→ **Supplied data**

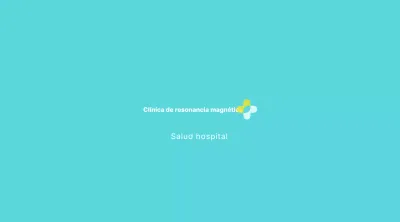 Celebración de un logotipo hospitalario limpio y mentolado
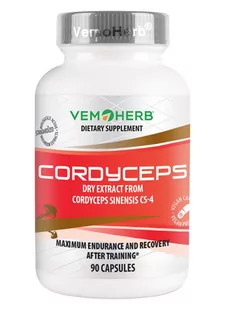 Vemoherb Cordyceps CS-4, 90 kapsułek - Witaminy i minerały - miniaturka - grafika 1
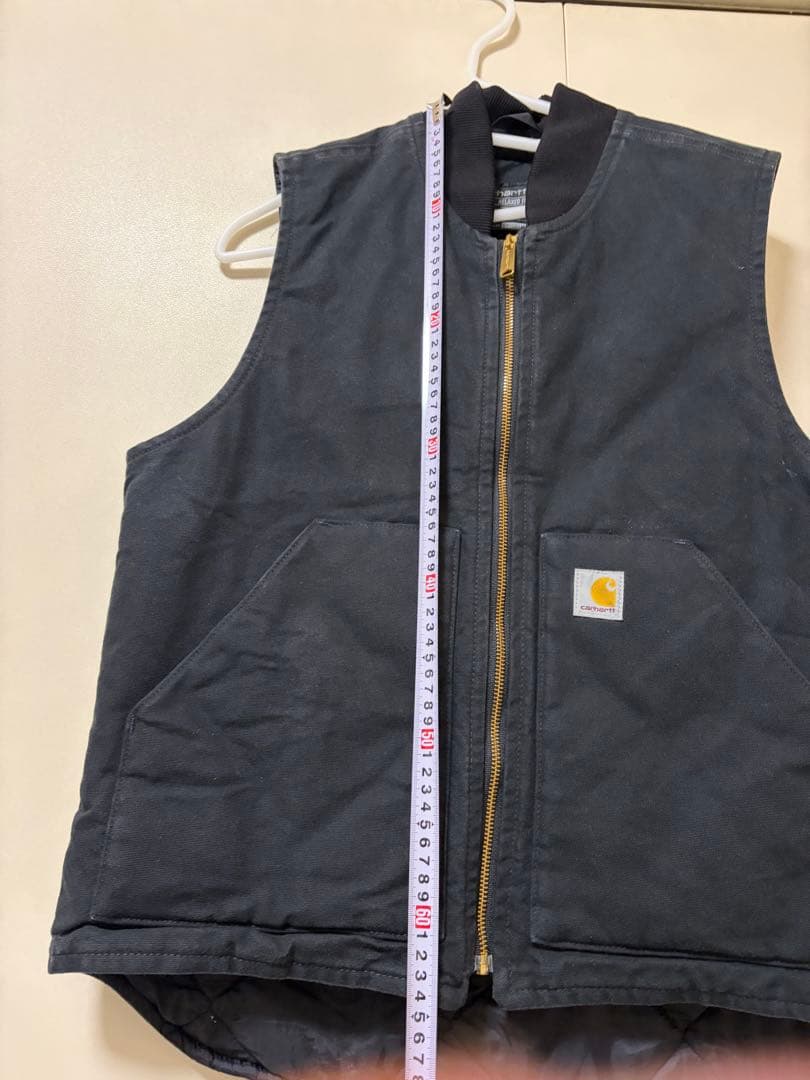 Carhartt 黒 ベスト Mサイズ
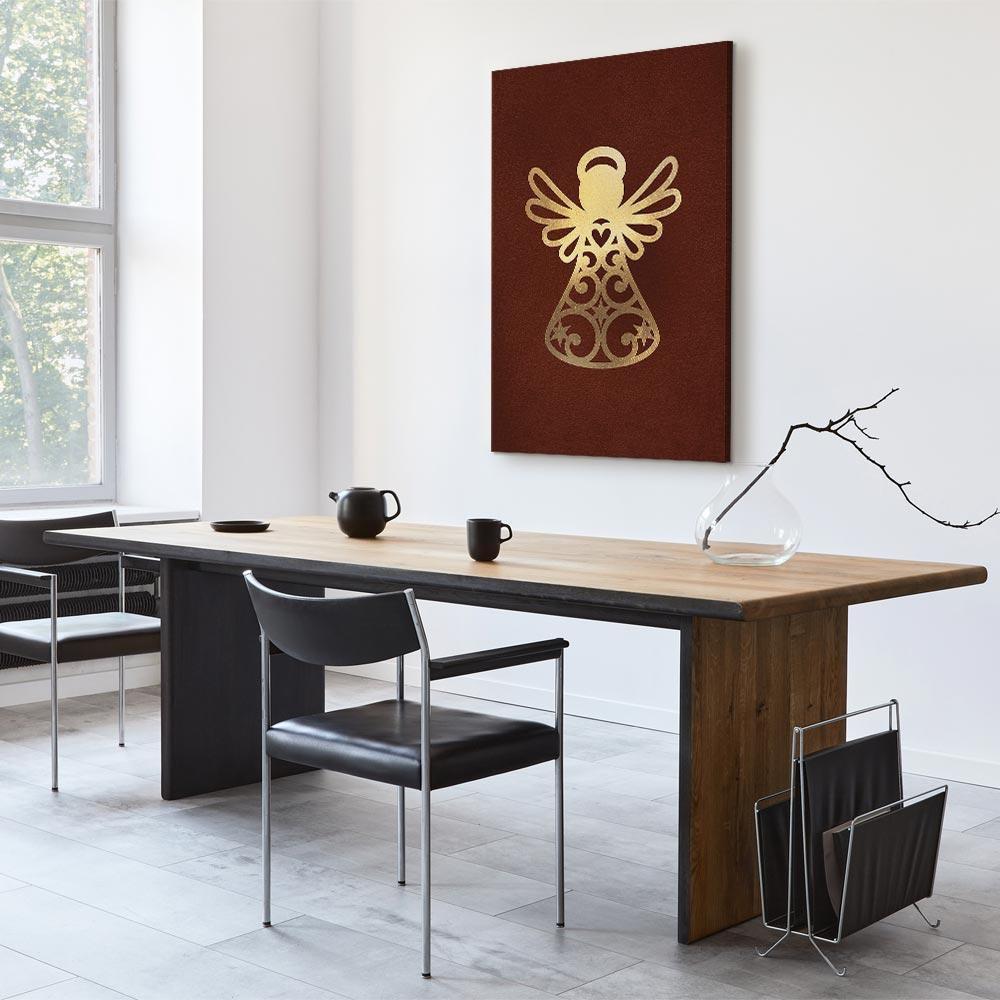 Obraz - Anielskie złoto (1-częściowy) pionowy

→ **Task instructions**
After removing the pictures, transcribe the listing above exactly.

→ **Answer section**
 Celebración de un logotipo hospitalario limpio y mentolado
 Vemoherb Cordyceps CS-4, 90 kapsułek - Witaminy i minerały - miniaturka - grafika 1
 Carhartt 黒 ベスト Mサイズ
 Obraz - Anielskie złoto (1-częściowy) pionowy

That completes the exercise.